Disclaimer: Those who have had issues with body dysmorphia or are currently experiencing issues with body dysmorphia should be advised as the following article may contain sensitive topics.    

The first time I remember hating my body, I was ten. I wasn’t a chubby kid, but I was never one of those tall and lanky, skinny kids either. This never really bothered me until the summer between fifth and sixth grade. I went hiking up Whistler mountain that summer with my family and a friend. My parents had brought the camera, so my friend and I were having a blast playing photographer for the day and posing for silly photos on rocks and in front of trees. A few days later, mom came home with a stack of developed photos. I remember looking through all the pictures, trying to pick out the best ones to add to my photo album – but something kept bothering me. 

When I recently came across a photo from that summer, I instantly broke into tears. How could someone so young bear so much insecurity? Yet, I still remember thinking about how you could see my slightly round tummy underneath the blue shirt I was wearing. Although this probably wasn’t the first time I had noticed that I had a bit of a tummy, it was when I started to care about how my body looked. What bothered me most was that I looked different standing there next to my skinny friend.

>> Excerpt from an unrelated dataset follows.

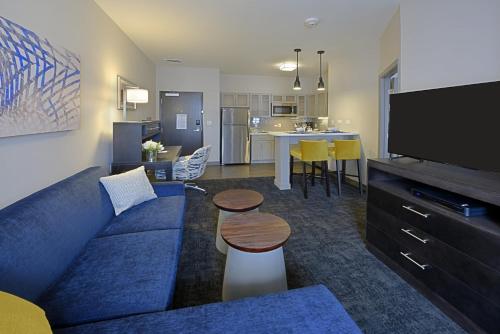 a living room with a blue couch and a kitchen at Staybridge Suites - Little Rock - Medical Center by IHG in Little Rock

Over the next couple of years, I began to observe the other girls in my class. Did they have a rounder tummy like me? Or did they have a flat one like my friend from the photo? I didn’t know why my tummy was bad, or why I wasn’t supposed to like it, I just knew that I hated it. I hated the way I looked next to the other girls in school pictures, and how nervous I felt if my shirt came up over the top of my pants while reaching for something on the top shelf. It was then that I started to compare myself to my peers around me. I started out with whether I could make my stomach look as thin as the other girls by wearing certain clothes or sucking it in real hard before pictures, and ended with me comparing every square inch of my body to someone else’s and trying to wish away the parts I didn’t like.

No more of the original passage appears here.